A new report summarises key approaches for building the next ten-year strategy to reverse the decline of nature. Based on workshop discussions, and brought together by UNEP-WCMC, it draws on expertise from both policy makers and the scientific community, to bring together scientific information related to biodiversity that is targeted to be relevant for the development of the next strategic plan for biodiversity which will run from 2020 to 2030.

What are the goals for nature?
In 2020 world leaders will meet in Kunming, China, to agree the post-2020 global biodiversity framework - a ten-year plan to tackle the current decline of nature. Decision makers will draw on the lessons learned from implementing the existing Aichi Biodiversity Targets over the past 10 years, many of which have been difficult to put into action. One of the key reasons for this is a lack of scientific data underpinning these targets and a broader challenge in understanding the targets and measuring progress towards them.

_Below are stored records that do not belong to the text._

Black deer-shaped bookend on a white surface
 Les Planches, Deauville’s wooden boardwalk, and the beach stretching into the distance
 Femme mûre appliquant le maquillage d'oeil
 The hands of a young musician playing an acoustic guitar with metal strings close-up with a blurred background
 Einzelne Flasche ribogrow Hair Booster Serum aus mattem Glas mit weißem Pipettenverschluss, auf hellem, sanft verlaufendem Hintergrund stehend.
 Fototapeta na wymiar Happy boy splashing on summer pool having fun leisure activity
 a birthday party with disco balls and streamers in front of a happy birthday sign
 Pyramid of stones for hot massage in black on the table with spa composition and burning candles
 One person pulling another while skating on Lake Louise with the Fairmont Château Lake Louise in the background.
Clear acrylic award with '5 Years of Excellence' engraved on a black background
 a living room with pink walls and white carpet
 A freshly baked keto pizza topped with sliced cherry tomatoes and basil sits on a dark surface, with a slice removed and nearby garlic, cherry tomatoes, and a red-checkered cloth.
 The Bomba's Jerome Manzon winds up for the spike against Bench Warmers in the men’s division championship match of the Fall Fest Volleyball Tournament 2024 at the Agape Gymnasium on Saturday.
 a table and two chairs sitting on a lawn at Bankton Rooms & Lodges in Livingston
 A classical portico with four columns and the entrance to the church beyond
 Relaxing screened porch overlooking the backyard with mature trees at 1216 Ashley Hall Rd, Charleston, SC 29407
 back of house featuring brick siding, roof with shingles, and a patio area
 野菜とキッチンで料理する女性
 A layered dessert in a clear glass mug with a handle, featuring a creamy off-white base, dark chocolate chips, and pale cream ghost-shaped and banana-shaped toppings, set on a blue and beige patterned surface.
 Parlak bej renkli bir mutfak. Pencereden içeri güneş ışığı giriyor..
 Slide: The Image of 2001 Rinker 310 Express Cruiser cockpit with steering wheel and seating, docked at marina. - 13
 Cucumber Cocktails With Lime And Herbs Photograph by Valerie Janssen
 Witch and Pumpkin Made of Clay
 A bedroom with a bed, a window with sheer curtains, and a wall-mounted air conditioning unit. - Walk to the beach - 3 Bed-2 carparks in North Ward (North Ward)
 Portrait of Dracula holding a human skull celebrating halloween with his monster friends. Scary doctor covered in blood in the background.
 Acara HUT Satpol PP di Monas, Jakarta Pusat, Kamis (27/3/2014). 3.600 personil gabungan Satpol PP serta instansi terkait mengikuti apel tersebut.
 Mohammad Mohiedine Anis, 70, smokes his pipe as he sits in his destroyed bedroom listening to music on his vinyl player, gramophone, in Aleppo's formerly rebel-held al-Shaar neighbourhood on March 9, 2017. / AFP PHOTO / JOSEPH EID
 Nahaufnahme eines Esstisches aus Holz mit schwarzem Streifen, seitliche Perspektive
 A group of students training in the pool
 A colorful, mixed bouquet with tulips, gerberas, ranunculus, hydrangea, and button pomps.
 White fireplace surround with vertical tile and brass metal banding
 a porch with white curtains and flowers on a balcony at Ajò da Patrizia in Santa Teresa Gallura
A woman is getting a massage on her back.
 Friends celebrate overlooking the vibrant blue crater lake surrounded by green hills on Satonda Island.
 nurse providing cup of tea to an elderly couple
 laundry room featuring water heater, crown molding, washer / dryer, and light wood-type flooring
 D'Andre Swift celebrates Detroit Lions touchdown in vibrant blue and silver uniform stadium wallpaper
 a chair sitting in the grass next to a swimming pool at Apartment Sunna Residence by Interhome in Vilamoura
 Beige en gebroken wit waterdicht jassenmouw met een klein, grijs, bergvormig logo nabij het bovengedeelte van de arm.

What does the report include?
This new report, based on a workshop co-hosted by UNEP-WCMC, the National Geographic Society, Luc Hoffmann Institute, the NatureMap consortium, and the biodiversity hub of the Science-Based Targets Network, identifies some of the best available data, tools and approaches to support the design of ambitious goals for nature, and accurate ways to monitor their progress over the next decade.

As well as identifying some of the key scientific approaches that can inform the post-2020 global biodiversity framework, the report also:

  • raises several important issues related to current knowledge gaps,
  • emphasises the need to capture multiple dimensions of biodiversity,
  • provides linked worksheets on available spatial data on biodiversity, benefits to people, and threats to nature, available indicators to measure progress towards targets and proposed new targets published in the scientific literature
  • identifies existing data platforms to support implementation.

Professor Neil Burgess, Chief Scientist at UNEP-WCMC, said: "The next ten years will be absolutely critical for maintaining our living planet. A recent assessment on the global state of nature, the most comprehensive of its kind, found that up to 1 million species face extinction and that the decline of nature undermines progress towards 80% of the Sustainable Development Goals' assessed targets including ones relating to poverty, hunger, and health. It is clear that we must take urgent action, and agreeing ambitious, measurable, science-based goals and targets at the CBD meeting in China in 2020 is the first step."